今日と明日、大晦日を題材とした短編小説である樋口一葉の「大つごもり」を紹介します。

18歳のお峰は、お金持ちだけどお金に細かい山村家の奉公人となります。しばらくして、両親が死んだ後、自分を育ててくれた伯父の安兵衛が病気になったことを知り、伯父の家へ帰りますが、伯父一家の零落した様子に驚きます。

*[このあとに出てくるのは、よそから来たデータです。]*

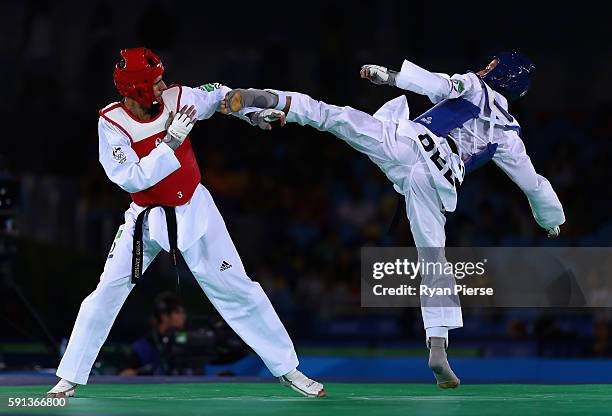 Safwan Khalil of Australia competes agains Si Mohamed Ketbi of Belgium during the Taekwondo Men's -58kg Round One contest on Day 11 of the Rio 2016...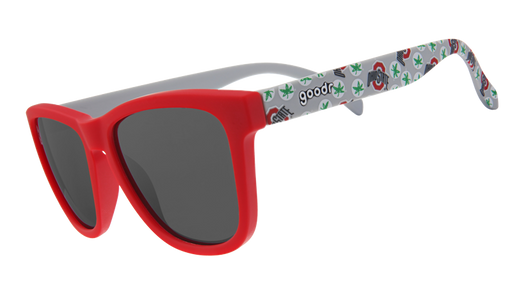 Sunglasses with a bright red frame and dark lenses, paired with white arms adorned with Ohio-themed designs in green and red.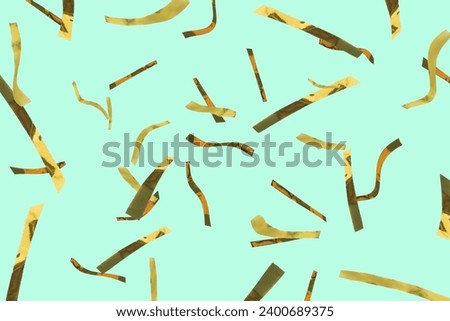 Shiny golden confetti falling on turquoise background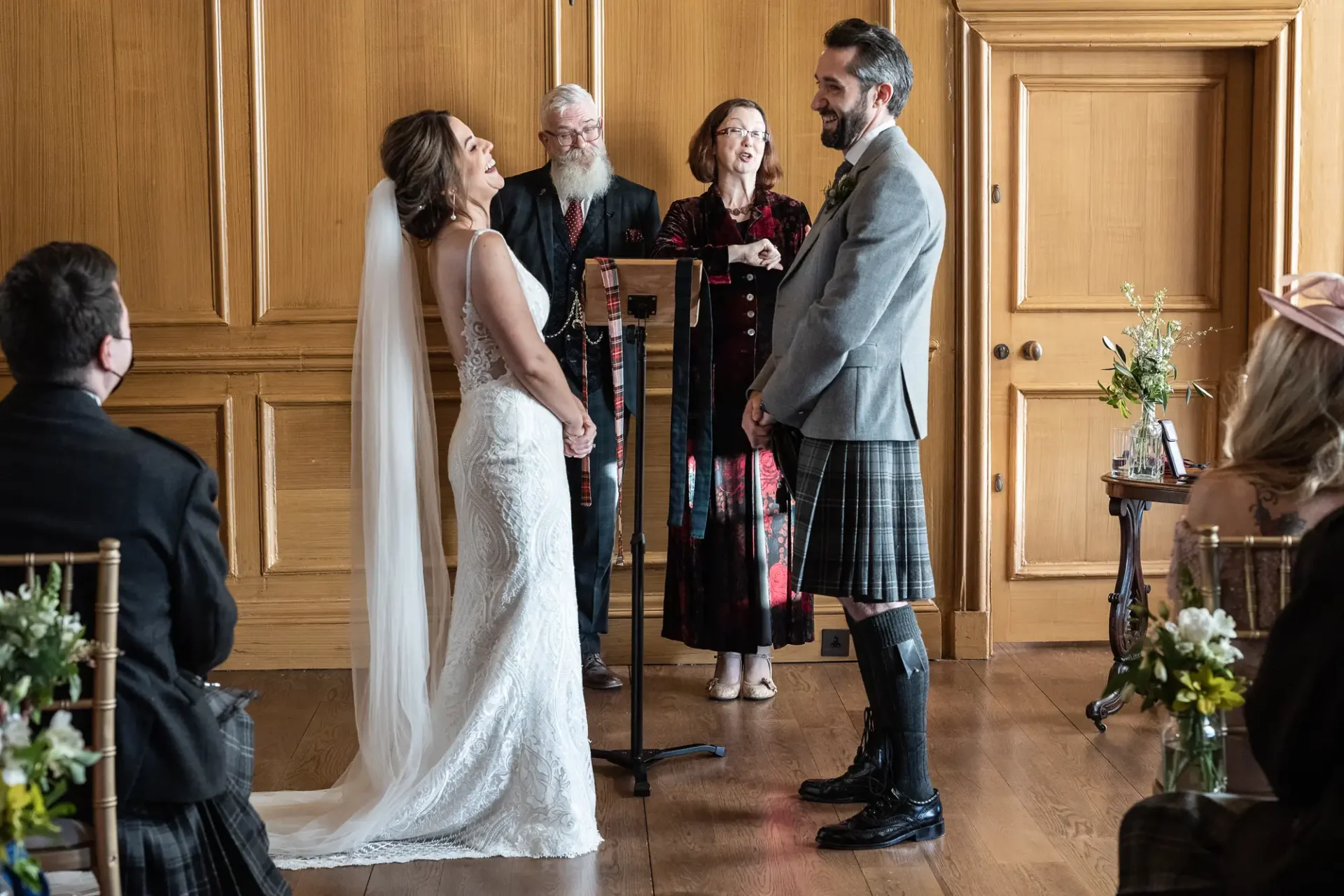 Bride and groom smiling at each other during their wedding ceremony, with an officiant and attendees in a wood-paneled room. the groom wears a kilt.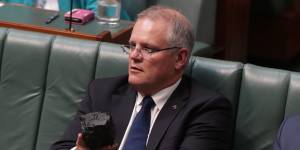 A polarising moment in politics - the then treasurer Scott Morrison with a lump of coal during question time in Parliament in February 2017. 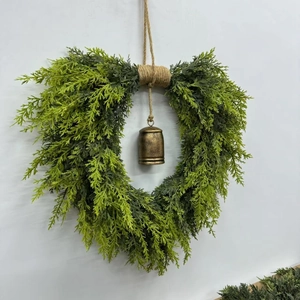 Macro detail of heart-shaped cedar wreath with bronze bell and rustic jute rope hanging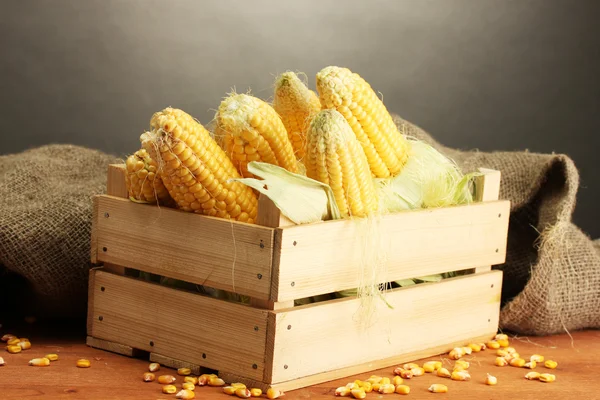 Färsk majs i rutan på träbord, på grå bakgrund — Stockfoto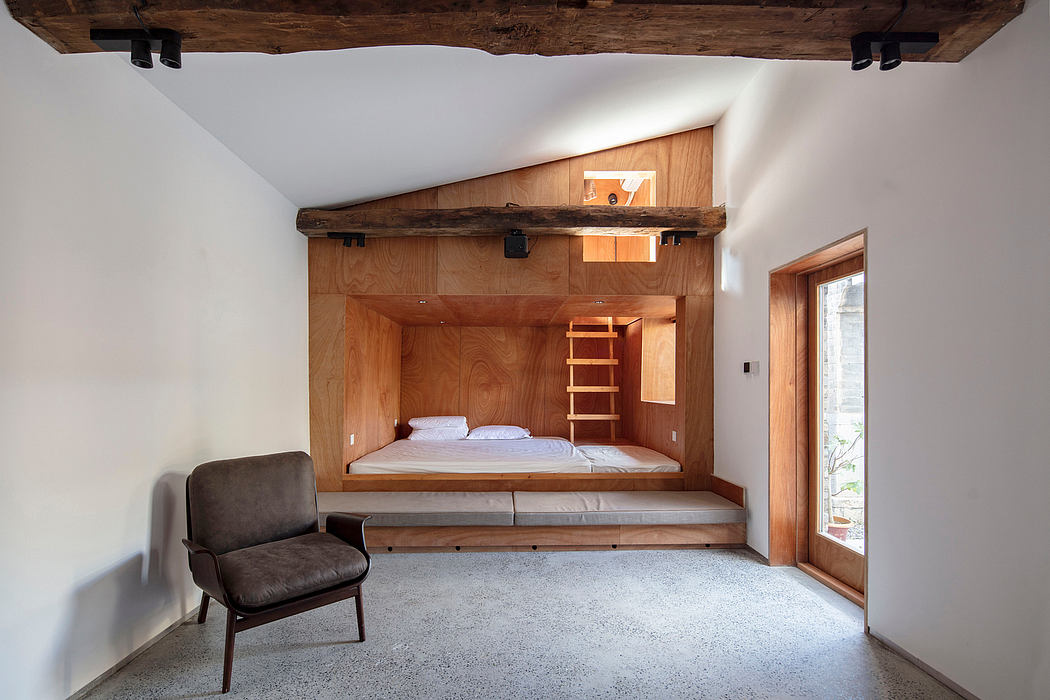 Rustic wooden beams and built-in wooden bed frame with ladder in cozy bedroom interior.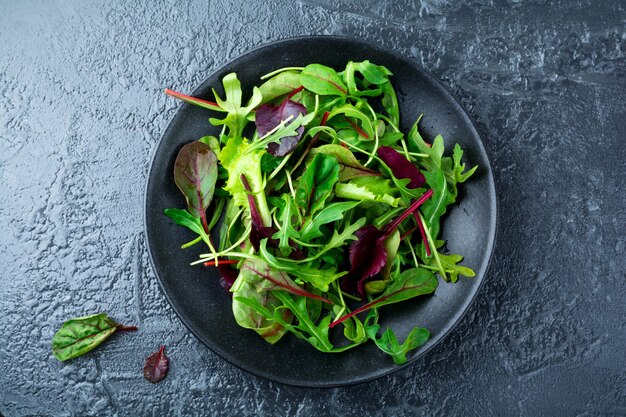 arugula, 양상추, 시금치, 샐러드 용 사탕무의 신선한 잎을 어두운 돌 표면에 섞으십시오.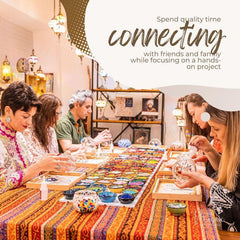 Group of adults creating mosaic art in a colorful workshop studio in Voorhees, NJ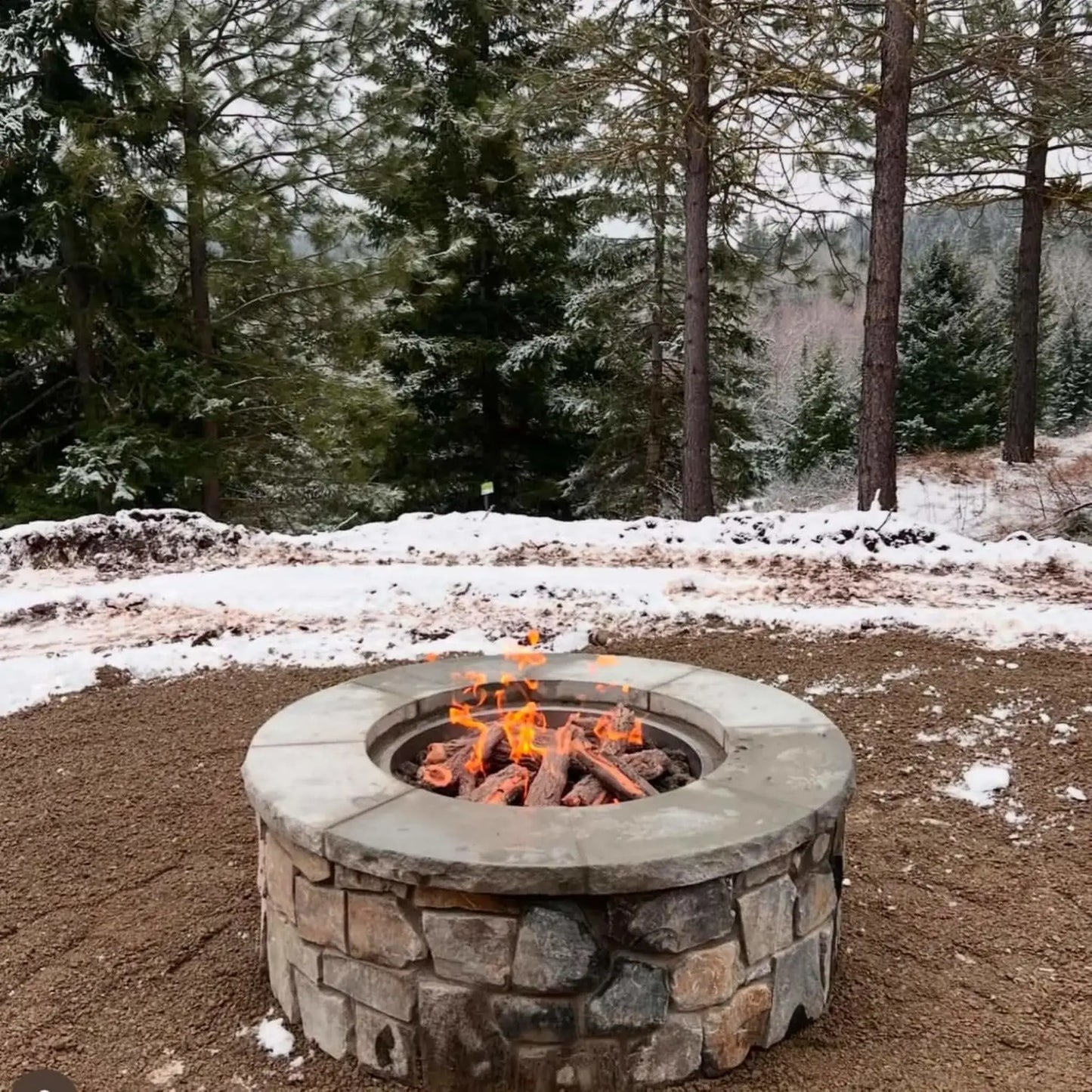 Round stone gas fire pit with weathered oak logs burning in a snowy forest setting. Surrounded by evergreen trees and light snow coverage, the glowing flames contrast against the cold environment, creating a warm and inviting winter outdoor fire feature.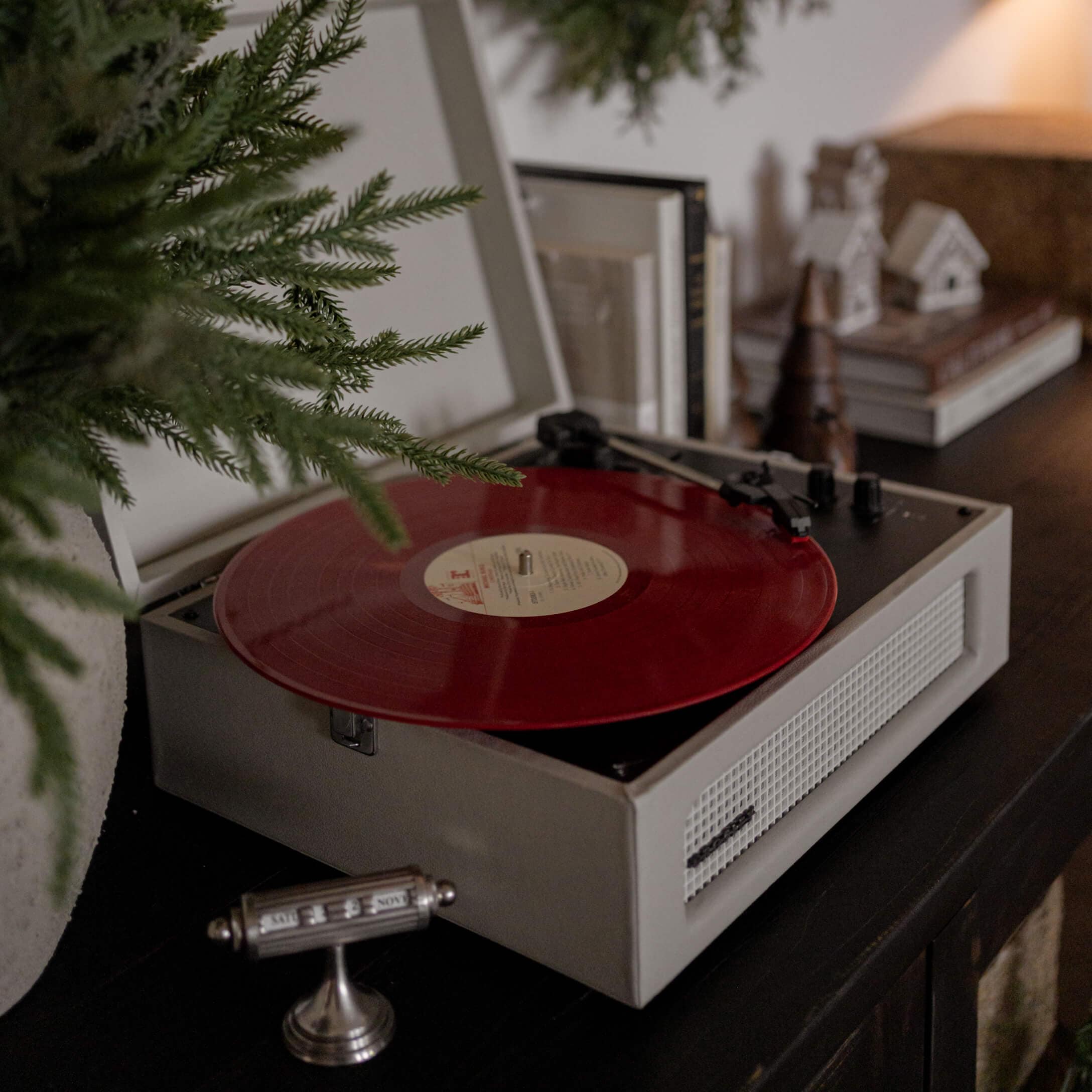 Retro platenspeler met rode vinylplaat op donkere kast in sfeervolle kamer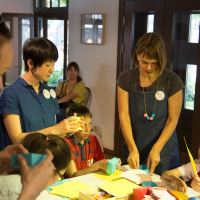 A group of children and adults is engaged in a crafts workshop inside a well-lit room with wooden furniture. Two adults assist the children, who are focused on colorful Papīra and craft materials on a large table. Various completed objektu projects are visible, and everyone looks absorbed in their activity.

金持ちだけど、お金に細かい、平たく言えばケチという人は、小説ではよく出てきます。実際、そういう人が多いのかどうか知りませんが、お金に細かいから金持ちになったという側面もあるような気がします。とすると、私が金持ちになる可能性は限りなく0に近いような…。


大つごもり』(樋口一葉)


(上)

 井戸は車にて綱の長さ十二尋、勝手は北向きにて師走の空のから風ひゆうひゆうと吹ぬきの寒さ、おゝ堪えがたと竈の前に火なぶりの一分は一時にのびて、割木ほどの事も大臺にして叱りとばさるゝ婢女の身つらや、はじめ受宿の老媼さまが言葉には御子樣がたは男女六人、なれども常住内にお出あそばすは御總領と末お二人、少し御新造は機嫌かいなれど、目色顏色呑みこんで仕舞へば大した事もなく、結句おだてに乘る質なれば、御前の出樣一つで半襟半がけ前垂の紐にも事は缺くまじ、御身代は町内第一にて、その代り吝き事も二とは下らねど、よき事には大旦那が甘い方ゆゑ、少しのほまちは無き事も有るまじ、厭やに成つたら私の所まで端書一枚、こまかき事は入らず、他所の口を探せとならば足は惜しまじ、何れ奉公の祕傳は裏表と言ふて聞かされて、さても恐ろしき事を言ふ人と思へど、何も我が心一つで又この人のお世話には成るまじ、勤め大事に骨さへ折らば御氣に入らぬ事も無き筈と定めて、かゝる鬼の主をも持つぞかし、目見えの濟みて三日の後、七歳になる孃さま踊りのさらひに午後よりとある、其支度は朝湯にみがき上げてと霜氷る曉、あたゝかき寢床の中より御新造灰吹きをたゝきて、これこれと、此詞が目覺しの時計より胸にひゞきて、三言とは呼ばれもせず帶より先に襷がけの甲斐甲斐しく、井戸端に出れば月かげ流しに殘りて、肌を刺すやうな風の寒さに夢を忘れぬ、風呂は据風呂にて大きからねど、二つの手桶に溢るゝほど汲みて、十三は入れねば成らず、大汗に成りて運びけるうち、輪寶のすがりし曲み齒の水ばき下駄、前鼻緒のゆるゆるに成りて、指を浮かさねば他愛の無きやう成し、その下駄にて重き物を持ちたれば足もと覺束なくて流し元の氷にすべり、あれと言ふ間もなく横にころべば井戸がはにて向ふ臑したゝかに打ちて、可愛や雪はづかしき膚に紫の生々しくなりぬ、手桶をも其處に投出して一つは滿足成しが一つは底ぬけに成りけり、此桶の價なにほどか知らねど、身代これが爲につぶれるかの樣に御新造の額際に青筋おそろしく、朝飯のお給仕より睨まれて、其日一日物も仰せられず、一日おいてよりは箸の上げ下しに、此家の品は無代では出來ぬ、主の物とて粗末に思ふたら罰が當るぞえと明け暮れの談義、來る人毎に告げられて若き心には恥かしく、其後は物ごとに念を入れて、遂ひに麁想をせぬやうに成りぬ、世間に下女つかふ人も多けれど、山村ほど下女の替る家は有るまじ、月に二人は平常の事、三日四日に歸りしもあれば一夜居て逃出しもあらん、開闢以來を尋ねたらば折る指に彼の内儀さまが袖口おもはるゝ、思へばお峰は辛棒もの、あれに酷く當たらば天罰たちどころに、此後は東京廣しといへども、山村の下女に成る物はあるまじ、感心なもの、美事の心がけと賞めるもあれば、第一容貌が申分なしだと、男は直きにこれを言ひけり。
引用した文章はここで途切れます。